Opponents of the Comcast-Time Warner Cable merger are prepping for the next round of verbal brawling on Tuesday, the FCC’s deadline for more comments regarding the pros and cons of the $45 billion deal.

Separately, the FCC on Monday implemented another delay of the time clock governing the schedule of its review. The commission said that FCC recently discovered some 31,000 Comcast-TW Cable documents that would not be delivered to the commission until Dec. 30 because of a “vendor delay.” Earlier, 7,000 documents arrived Dec. 9-10 after being withheld because Comcast-TW Cable believed they were protected by attorney-client privilege.

Given the data dump, the FCC opted to stop the 180-day time clock, a guiding principle designed to prevent the deal review process from dragging on infinitely, to give staff time to review the documents. With the new Jan. 12 restart date, the FCC is expected to hold its vote on the proposed merger by the end of March.

The FCC did not change the Dec. 23 deadline for reply comments to the lengthy response to earlier comments that Comcast filed with the commission on Sept. 24. That filing was noted for its aggressive stance against critics of the deal.

Satcaster Dish Network used that against Comcast in its reply comment filed Tuesday. Dish, a company known for its pugnacious approach to dealmaking, has been one of the most vocal industry opponents of the union of the nation’s two largest cable operators.

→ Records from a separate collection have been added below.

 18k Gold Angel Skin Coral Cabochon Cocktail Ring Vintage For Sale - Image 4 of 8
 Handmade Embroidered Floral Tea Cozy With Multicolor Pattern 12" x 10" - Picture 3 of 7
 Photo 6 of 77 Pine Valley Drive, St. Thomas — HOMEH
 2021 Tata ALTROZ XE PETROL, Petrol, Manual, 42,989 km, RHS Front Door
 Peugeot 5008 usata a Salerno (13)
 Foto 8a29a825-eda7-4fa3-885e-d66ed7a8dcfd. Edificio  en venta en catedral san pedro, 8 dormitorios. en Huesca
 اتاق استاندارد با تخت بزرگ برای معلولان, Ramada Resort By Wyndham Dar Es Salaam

It speaks volumes about the current concerns about the health of traditional pay TV providers that Dish’s 40-plus page reply comment focuses largely on the impact of a combined Comcast-TW Cable on the broadband market. Dish is in the midst of assembling an over-the-top channel package to be distributed via broadband. The filing spells out numerous ways that it fears Comcast-TW Cable could interfere with or squash the nascent service because of its big footprint in broadcast.

Dish’s filing calls Comcast’s discussion of arguments made by merger opponents “hectoring, high-handed, strident, shrill… It gives us a view into the post-merger world that the Applicants will create if the commission approves this transaction. … The arrogant tone and sense of entitlement on display provide useful insight into how the combined company will treat the American consumer and competitors if this merger is approved.”

In a nutshell, Dish reiterates its view that the expanded Comcast will use its reach and clout to drive consumers to its own services at the expense of competitors. The filing lays out three “choke points” in the process of delivering data and video to the home where Comcast-TW Cable would have enormous sway over key technological decisions.

The larger company would also have that much more leverage to demand high fees for carrying NBCUniversal cable channels — or withhold them entirely to prevent a potential competitor from getting off the ground, according to Dish.

Dish scoffed at Comcast’s assertion that its broadband pipes would not discriminate against content from rival companies because it would lose broadband customers in the long run. Dish cited Comcast’s internal stats that would appear to indicate that the company has a low churn rate of broadband customers. (Dish’s filing was heavily redacted when referencing financial info and proprietary data.)

“Comcast is almost like the Hotel California of broadband, an establishment guests can check into but never leave,” Dish’s filing asserted.

More reply comments are expected on Tuesday. The Stop Mega Comcast Coalition, a collection of industry players, including Dish and media watchdog groups, will hold a media conference call to discuss the filings and promo their effort to torpedo the deal.

Comcast had no comment on Dish’s filing. The company did respond to the FCC’s delay of the review time clock.

“This limited and defined three-week clock stoppage allows FCC staff to review the new materials, and we remain on track for the transaction review to be concluded early in 2015. We are pleased that the FCC did not delay the December 23 reply comment deadline so that work on the transaction will continue, and we’ll be filing our final comments tomorrow.”